Red Hat Bugzilla – Bug 64107
Kernel Panic when running sendmail test
Last modified: 2005-10-31 17:00:50 EST
From Bugzilla Helper:
User-Agent: Mozilla/5.0 (X11; U; Linux i686; en-US; rv:0.9.4) Gecko/20011019
Description of problem:
After setup sendmail service (Bigmem/SMP kernel), I run SST test. Then about 10
minutes or so, I got kernel panic. The system hung up.
Version-Release number of selected component (if applicable):
Steps to Reproduce:
1. HW config: Jaguar/Merlot + Broadcom embedded NICs
1.Install Valhalla on Jaguar or Merlot
2. Boot server up to Bigmem or SMP kernel
2. Run SST server setup.
3. Run SST client setup.
4. Run SST test on client.
Actual Results: Kernel panic when running SST to against broadcom NICs. This
test works OK with Intel 1000XT NICs.
Also, It seems to work good when I switch it to UP kernel.
Expected Results: SST test must work when using SMP/BIGMEM kernel.
Created attachment 55344 [details]
Serial consol log on Merlot
Created attachment 55345 [details]
serial consol log on Jaguar (BIGMEM kernel)
Created attachment 55365 [details]
Assertion failure in journal_write_metadata_buffer() at journal.c:406:
Arjan, can you elabotate on your previous statment?
that's the key bit out of both attachements; just repeating it inline here ...
This is probably a FS issue not a NIC issue
* HW config on Jaguar: 8GB memory + embedded Adaptec 7899 + embedded Broadcom NIC
I install Hampton gold and use ext3 file system.
- I ran Bonnie ++, cpcmp (copy & compare) using NFS, SMB services ---> OK
- I ran SST test ---> kernel panic
- I'm running NTTCP test right now
* HW config on Merlot: 1GB memory + qla2310 (unplugged) + qla2200 (unplugged) +
PERC3/QC (plugged to PV210) + Intel pro 100 + embedded Adaptec 7899 + embedded
- First, I installed Hampton gold and use ext3 file system
- I ran SST test ---> kernel panic
- This morning, I reinstalled Hampton gold (using the same Hw config) and use
ext2 file sytem.
- I ran SST test ----> still running (more than 3 hrs)

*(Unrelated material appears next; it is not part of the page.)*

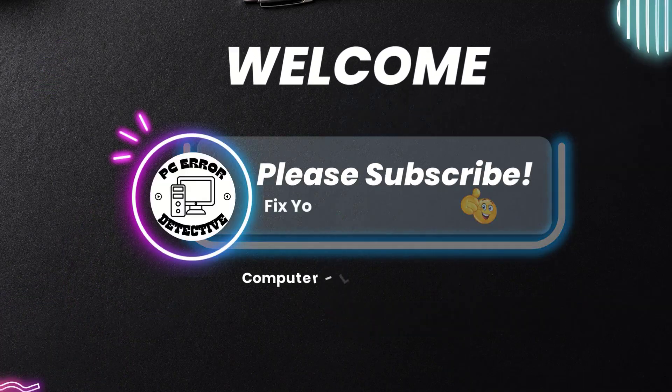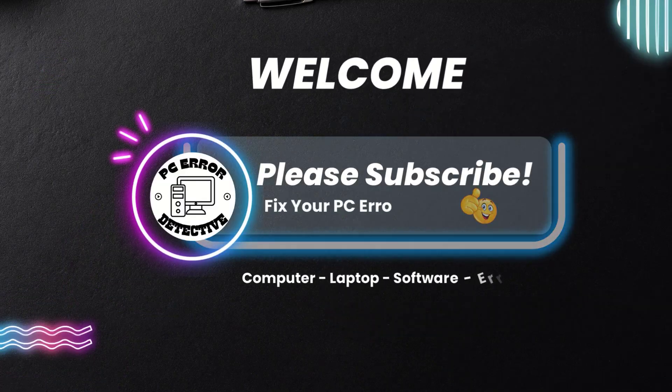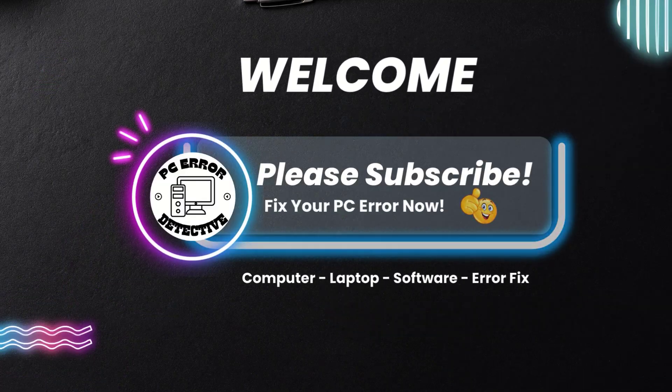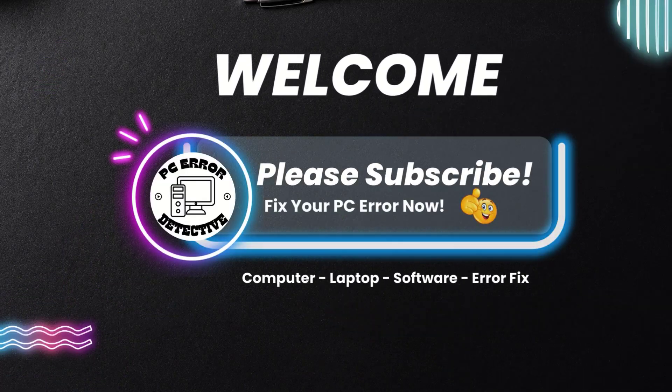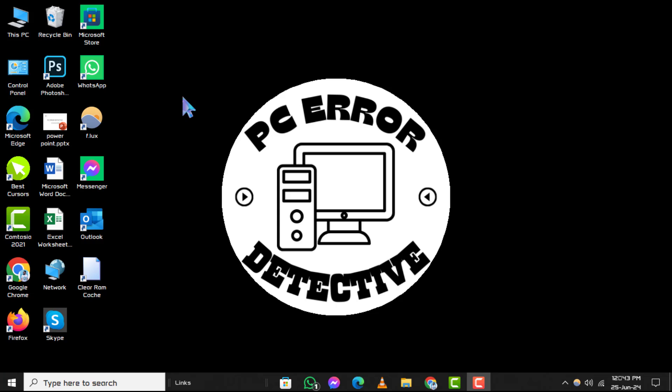Welcome to the PC error detective YouTube channel. In this video, I'll show you how to unmute and restore the volume on Windows step by step. If you find this tutorial helpful, don't forget to subscribe to our channel for more tech guides and troubleshooting tips.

On Merlot system (same HW config):
- I installed Hampton beta4, and ran SST test for more than 1 hour without
Reproduced on an internal test box with ext3 debugging and buffer tracing enabled
(trace attached). Booting with mem=512m shows no problems --- this may be a
Created attachment 55764 [details]
console trace, ext3 full debug enabled.
Update from Jay Turner:
I rebooted the machine and unloaded the tg3 module
in favor of the bcm5700 module (which also works with these cards.) The
thing still fell over after about a minute.
Definitely doesn't look like a NIC-specific problem.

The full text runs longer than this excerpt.